Ana Lúcia Sá, especialista em estudos africanos do ISCTE, concorda que as eleições podem aumentar a tensão nestes países. “Tem-se considerado que as eleições em África não têm significado democratização […] Há um risco elevado de tensão política associado aos momentos eleitorais”, considera, salientando a “pouca cultura democrática” da região.
“Dos países da África Subsariana, oito são considerados livres ou democráticos pela Freedom House”, salienta, apontando ainda a “fraqueza de instituições” e “o controlo que os incumbentes têm do processo eleitoral”.
Angola é um dos focos apontados pela Aon. A saída de José Eduardo dos Santos pode conduzir à “fragmentação política”, alterações legais e iniciativas que comprometam o meio ambiente, considera a seguradora.
Vitória provável do MPLA
Contudo, Ana Lúcia Sá considera que Angola é um dos países onde “é expectável que não ocorra alternância do poder”. A opinião é partilhada por Paulo Guilherme, analista do Africa Monitor. “Dada a desproporção de meios entre o MPLA e a oposição, João Lourenço, candidato do MPLA, é, de facto, o mais provável vencedor das eleições”, argumenta [ver caixa].
O relatório da Aon destaca ainda Etiópia, Quénia, Moçambique, Nigéria, Ruanda, África do Sul e Zimbabwe.

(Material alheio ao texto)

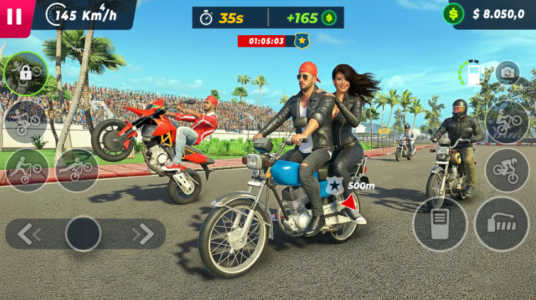 Screenshot Bike Wheelie: Elite Auto Mod APK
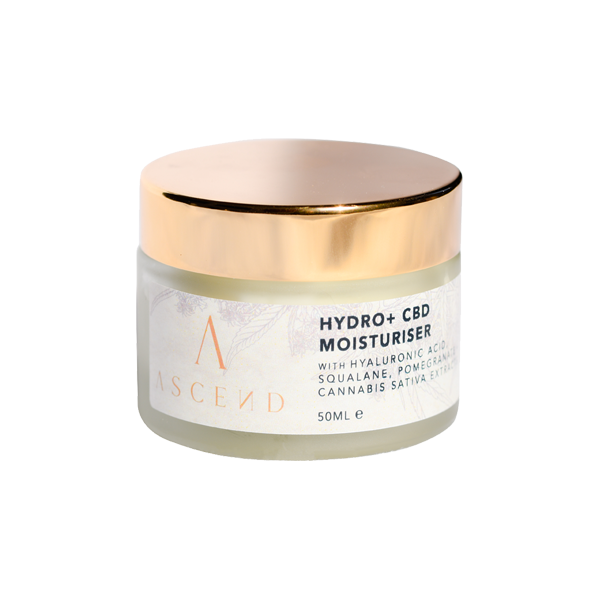 Ascend Hydro + 300mg CBD Moisturiser - 50ml | Ascend | Hall of Vape |  | CBD Products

No entanto, regista melhorias nas notações de risco da Guiné, Gana, Madagáscar e Ruanda. Já as Ilhas Comores, Djibouti, Etiópia, Moçambique e Zimbabwe registam deteriorações na avaliação de risco.
“Há países onde é expectável que ocorram protestos associados às eleições, como a República Democrática do Congo”, frisa Ana Lúcia Sá.
A alternância de poder no país pode ser a primeira transição pacífica desde 1960. No meio de uma crise política e violência extrema, os partidos políticos chegaram a acordo, estabelecendo que o presidente Joseph Kabila não pode alterar a Constituição do país para permitir que se candidate a um terceiro mandato, e que a mesma não pode ser alterada durante o período de transição.
“É necessário considerar os fatores prévios às eleições que potenciam a existência de protestos ou o fortalecimento dos regimes autocráticos por via das eleições. A repressão, a censura ou a prisão de líderes da oposição e da sociedade civil são usadas para a manutenção no poder”, considera Ana Lúcia Sá.
No entanto, exemplos como a transição na Gâmbia, em que Yahya Jammeh perdeu as eleições para o candidato da oposição e abandonou o país, ou a Somália, onde Mohamed Abdullahi Mohamed foi eleito presidente e o seu antecessor cumpriu apenas um mandato, mostram que têm existido transições pacíficas.
“Têm surgido fatores surpresa que estão a obrigar a repensar a forma como se analisa a democratização, a alternância do poder e o papel das oposições e da sociedade civil em alguns contextos africanos”, diz a especialista em estudos africanos.